Вообще, стали спокойными все. Детей стали отпускать гулять допоздна - и никаких бед. И что у них ещё там. Правда, детей меньше стало. Редко стали размножаться. Дружить - дружат, да ещё лучше, чем было. Любить - любят: со стороны посмотреть, так ещё горячее, чем бывало. А размножаться - не хотят. Ни люди, ни звери.
А как же иначе: смерти-то нет. Вот жизнь и успокоилась чутка.
По привычке родят там-сям, но пока места всем хватает.

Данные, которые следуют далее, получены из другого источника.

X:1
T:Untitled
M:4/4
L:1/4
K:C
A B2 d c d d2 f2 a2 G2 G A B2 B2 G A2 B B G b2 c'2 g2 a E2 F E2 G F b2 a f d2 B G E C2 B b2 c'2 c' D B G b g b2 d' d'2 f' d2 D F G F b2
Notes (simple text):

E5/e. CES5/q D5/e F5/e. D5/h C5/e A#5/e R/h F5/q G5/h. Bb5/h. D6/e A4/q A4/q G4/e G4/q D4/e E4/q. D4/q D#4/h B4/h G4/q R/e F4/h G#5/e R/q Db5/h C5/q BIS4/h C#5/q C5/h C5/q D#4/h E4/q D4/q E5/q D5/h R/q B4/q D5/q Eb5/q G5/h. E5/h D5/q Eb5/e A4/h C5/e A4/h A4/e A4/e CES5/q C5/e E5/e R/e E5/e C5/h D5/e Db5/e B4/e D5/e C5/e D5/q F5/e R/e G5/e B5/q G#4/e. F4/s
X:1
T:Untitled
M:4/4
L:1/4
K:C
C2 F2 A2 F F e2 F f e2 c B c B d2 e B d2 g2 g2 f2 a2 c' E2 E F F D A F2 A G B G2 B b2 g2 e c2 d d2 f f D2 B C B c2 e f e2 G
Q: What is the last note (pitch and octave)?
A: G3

А под это дело стали вдесятеро активнее космонавтику осваивать: чтобы, значит, на марсе яблони выращивать, или что там. Я человек старомодный: как о мне, лучше яблони на на марсе - даже неказистые, чем грибы на земле - особенно, яркие и горячие.
Назын говорил, что всё это: и войны и болезни и раздоры, равно и безоглядное размножение - и многое другое - слуги смерти. Её гонцы. Её пальцы. Щупальца. Нити. Леска. Блесна. Смерть сделала мир для себя, чтоб спастись от ненасытности. Брюхо бездонное набивать жизнью. Сбивался на непереводимое - на сакральных языках - что мне в этих звуках? Ты говоришь Назын, и раз говоришь - значит, знаешь, что говорить. И я слушаю тебя, Назын. Брат мой названный. Так вот - как не стало смерти, не стало ни слуг, ни нитей, ни блесны.

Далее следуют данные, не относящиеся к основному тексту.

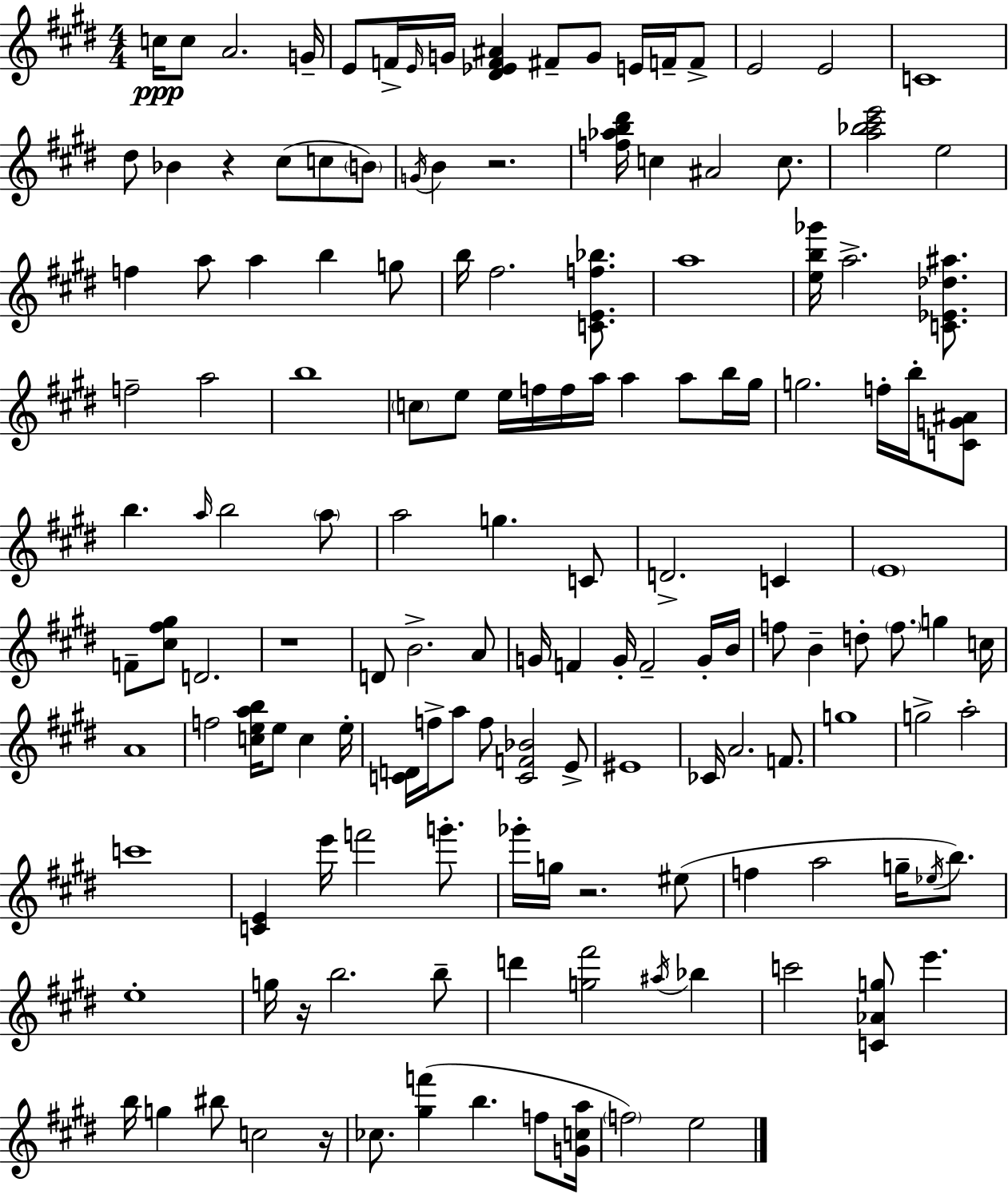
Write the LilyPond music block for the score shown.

Олег говорил - это как гравитация. Что жизнь - патология и флюктуация, а смерть - норма и эталлон. От неё одно на другое накладывается, наслаивается. Получаются войны, катастрофы, мор и язвы. Показывал цифры, потому что в словах не точно - что мне цифры? Так говоришь ты, Олег, а раз говоришь - неужели говоришь не зная? И я слушаю тебя, Олег. Брат мой кровный. А мы выдернули норму из-под патологии, и оказалось, что и без нормы неплохо.
Пропал из мира стремление к смерти, вот что.
А как живое смерти надо было, то и плодиться и радоваться и грустить можно без истерики - от чистосердечного желания.
При смерти такого не было и быть не могло: всё в её свете подспудно истерило. Всё было конечным, и знало об этом, и не умело ничего с этим сделать. Всё было обречено - и обречённость была единственной причиной существования всего. Всё было, чтобы быть обречённым - всё было материалом для обречённости. И не было другого смысла, кроме как кануть однажды в агонии и дряни, в луже своих нечистот - потеряв всякое лицо, и утомив всех вокруг своим затяжным умиранием. А кто умирал быстро, вдруг - ну, значит, повезло человеку. Жизнь научилась радоваться быстрой смерти, взамен мучительной, и воспринимать это как норму.
Оттого и было всё таки истерично. И любовь и покой и жизнеутверждение.
Жизнеутверждение было манифестом, попыткой перекричать неизбежное и надвигающееся. Попыткой перекричать себя - вшитое, врождённое знание, что рождаешься на блдюе, и на съедение, и нет другой участи. Потому кричали: я люблю тебя, жизнь - словно отводили глаза от страха смерти. Потому и кричали: в жизни успей попробовать всё: словно смерти было дело: что ещё пища успела познать, а чего - нет.
И любовь распадалась на истерику трагизма и истерику эскапизма:
Вот с одной стороны — комический ситком Ромео И Джульеты, и стоический трагизм и их наследников: Антонио и Розалины, здесь же — Арманс и Бедная Лиза. Сгущёные в китч эмоции, густое страдание, мощный немощный трагизм каждого жеста, поцелуй - как предвестник разлуки, обещание - как признак обмана. Страсть - как безнадёжная попытка зарыться друг в друга от того, что идёт по пятам.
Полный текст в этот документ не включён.